In [0]:
customers_df = spark.read.table('olist_ecommerce.bronze.brz_customers')
orders_df = spark.read.table('olist_ecommerce.bronze.brz_orders')
order_items_df = spark.read.table('olist_ecommerce.bronze.brz_order_items')
products_df = spark.read.table('olist_ecommerce.bronze.brz_products')
payments_df = spark.read.table('olist_ecommerce.bronze.brz_order_payments')
reviews_df = spark.read.table('olist_ecommerce.bronze.brz_order_reviews')
sellers_df = spark.read.table('olist_ecommerce.bronze.brz_sellers')
geolocation_df = spark.read.table('olist_ecommerce.bronze.brz_geolocation')
product_category_name_translation_df = spark.read.table('olist_ecommerce.bronze.brz_product_category_name_translation')

In [0]:
customers_df.show()

# Identify Missing Values

In [0]:
from pyspark.sql.functions import *

catalog_name = 'olist_ecommerce'

In [0]:
# This function checks for null values in each column of the given DataFrame.
# Identifying missing data helps businesses ensure data quality, enabling more accurate analysis and decision-making.
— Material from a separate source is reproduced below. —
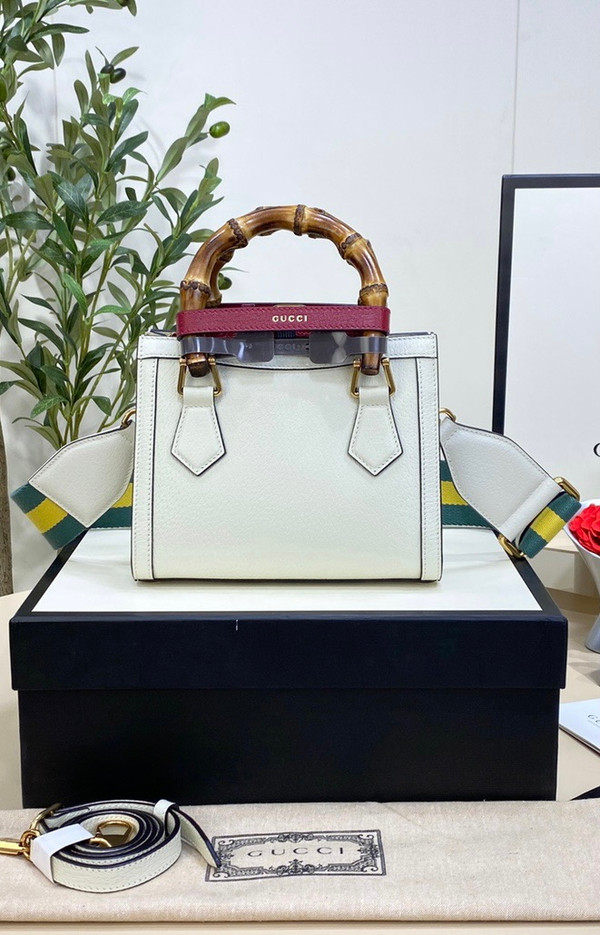 Gucci Diana Mini tote bag White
def missing_values(df, df_name):
    print(f'Missing values in {df_name}:')
    df.select([count(when(col(c).isNull(), 1)).alias(c) for c in df.columns]).show()

In [0]:
# Check for missing (null) values in each column of the customers_df DataFrame.
missing_values(customers_df, 'customer')

In [0]:
# Check for missing (null) values in each column of the orders_df DataFrame.
missing_values(orders_df, 'orders')

In [0]:
# Check for missing (null) values in each column of the order_item_df DataFrame.
missing_values(order_items_df, 'order_item')

In [0]:
missing_values(payments_df,'payments')

# Handle Missing Values

1. Drop missing Values ( for non - critical columns )

2. Fill missing values ( for numerical columns )
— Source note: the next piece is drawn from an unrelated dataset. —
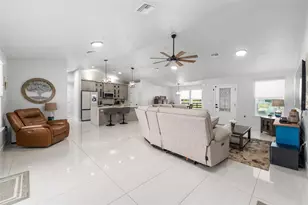 9571 NE Hwy 27 Alternate, Bronson, FL 32621 - Photo 10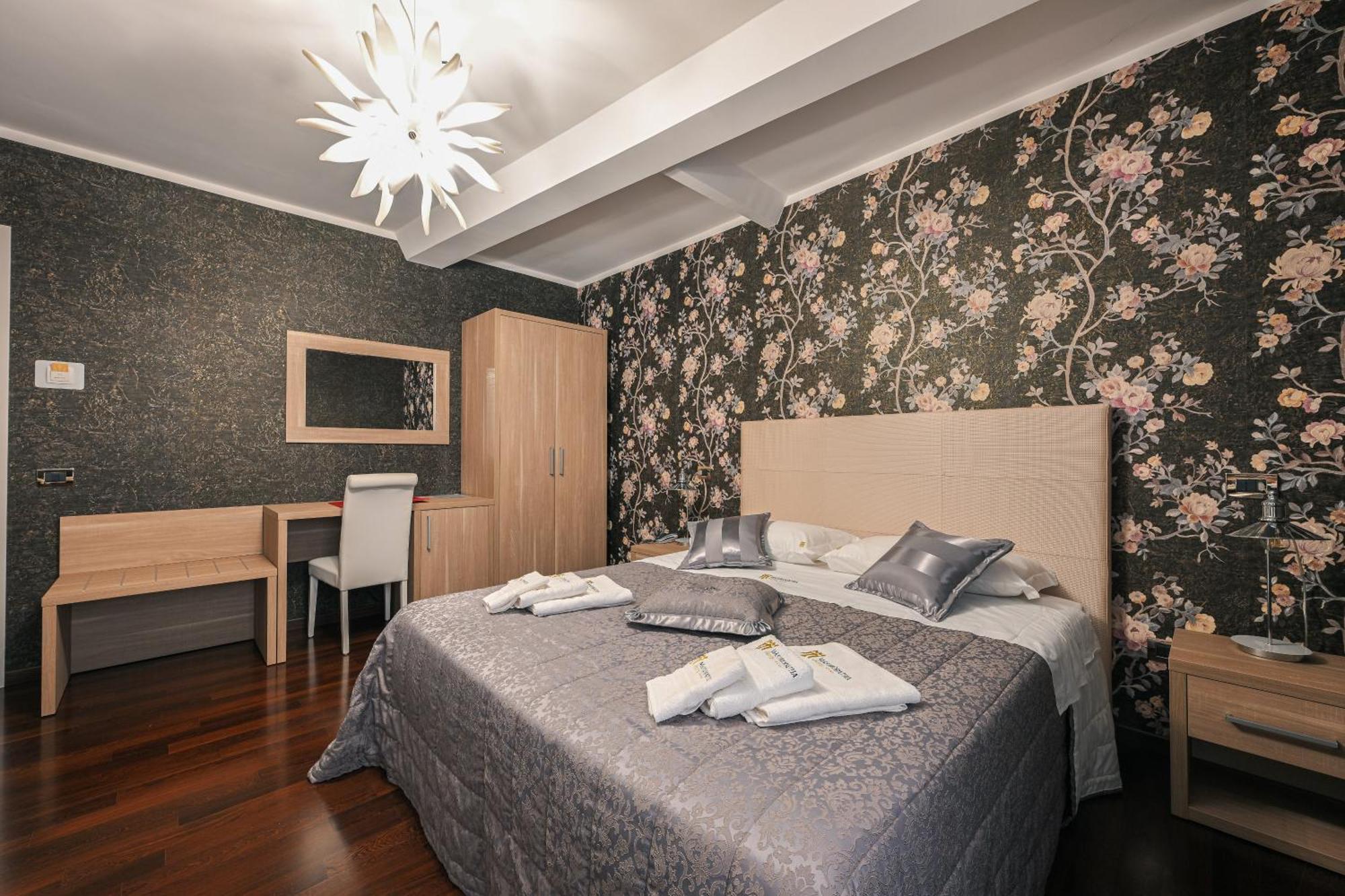 Hotel Mastrodattia Челано Екстер'єр фото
3. Impute Missing Values ( for continous data )

In [0]:
# Drop rows with missing values in critical columns: 'order_id', 'customer_id', and 'order_status'
orders_df_silver =  orders_df.na.drop(subset=['order_id', 'customer_id', 'order_status'])

In [0]:
orders_df_silver.show()

In [0]:
# Fill missing values in 'order_delivered_customer_date' with a placeholder date '9999-12-31' to indicate undelivered orders.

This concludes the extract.